How Do We make Women In The UK Feel Safe Again?

There is a really easy, rational thing that you could do if you truly wished to keep females secure on the streets of this nation’s communities, whether at night or throughout the day.

This is all that we used to do. The streets were not as unsafe as they are today when we did it.

Daily foot patrolling by uniformed policemen, who were withdrawn in the 1960s for no valid cause, will be reinstated.

After the elimination, which was decided upon on November 18, 1966, at a conference of the Police Advisory Board headed by then-Home Secretary Roy Jenkins, policing in the United Kingdom has gone down the drain. Hundreds of police stations were required to shut as a consequence of this move.

That has contributed to the change of the police themselves, into trusted, common civilians in uniform who were respectful and welcoming to law-abiding citizens, into an unloved, shouty, overbearing paramilitary that has evidently enjoyed intimidating and handcuffing innocent members of the public for the past year.

None of the rationalizations for this shift are true. The sum of manpower available nowadays is much greater than it was in the past. There has never been sufficient evidence that preparing for a crime to occur is a safer policy than stopping it.

A police presence in the street is intended to prevent suspects from committing offences in the first place, rather than to apprehend them. It does not yield conviction totals or other estimates that are appropriate in official statistics.

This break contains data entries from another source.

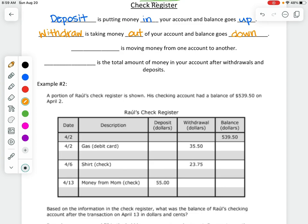The next vocabulary term is transfer — when you move money. So if you have a savings account and a checking account, moving money between them is called a transfer, meaning you have more than one account and you can move money back and forth. Lastly, the total amount of money in your account is your balance.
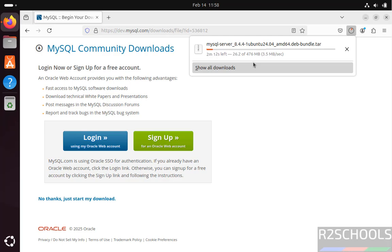Once download completes, we will install the MySQL Server 8.4.4 on Ubuntu 24.04. In meantime, please subscribe my channel.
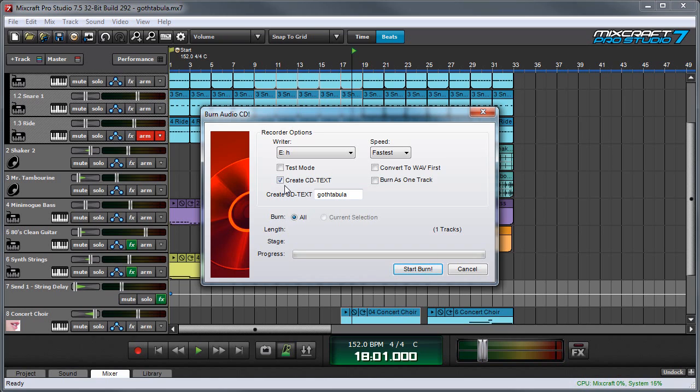Create CD Text lets you name your CD, so when you put it in a computer it'll show up with a title at the bottom and some CD players will display the name as well. The name will be the name of your project by default, but if you highlight the field you can type something else.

It provides a concrete result: quiet, tidy streets where a woman can move without fear after dark.

How many times have we been told that incarcerating a perpetrator would not put a slain citizen back to life, will not regain the sense of mind destroyed when a house is broken into, will not erase the harm and sorrow created by crime? Detection is significant, but it isn’t nearly as successful as avoidance, which is what the police were designed to do.

The case of Sarah Everard has been jumped upon for a number of purposes, but I feel we can wait until the accused killer’s trial to assess how justified they are in doing so. However, until her passing, the problem of street protection was a serious one, and it is still a real one now.

Women aren’t the only ones who slam their keys between their knuckles when they move by or pass dangerous individuals or dark, dimly lit areas. That is just something that men do.

Since authority is so scarce on our highways, bad criminals are unafraid, causing the majority of us to be fearful instead.

That’s a quick query to address. I believe that the police’s recent behavior has shattered all of the remaining goodwill that they once had. I assume that any political party that genuinely espoused a program of deterrence by frequent, sustained foot patrol will be astounded by the volume of support it would get.

And if the current cops don’t like it and would just continue whatever they’re doing now (how would we know what they’re doing because we barely see them? ), we can disband them and rehire only those who are involved in helping the public.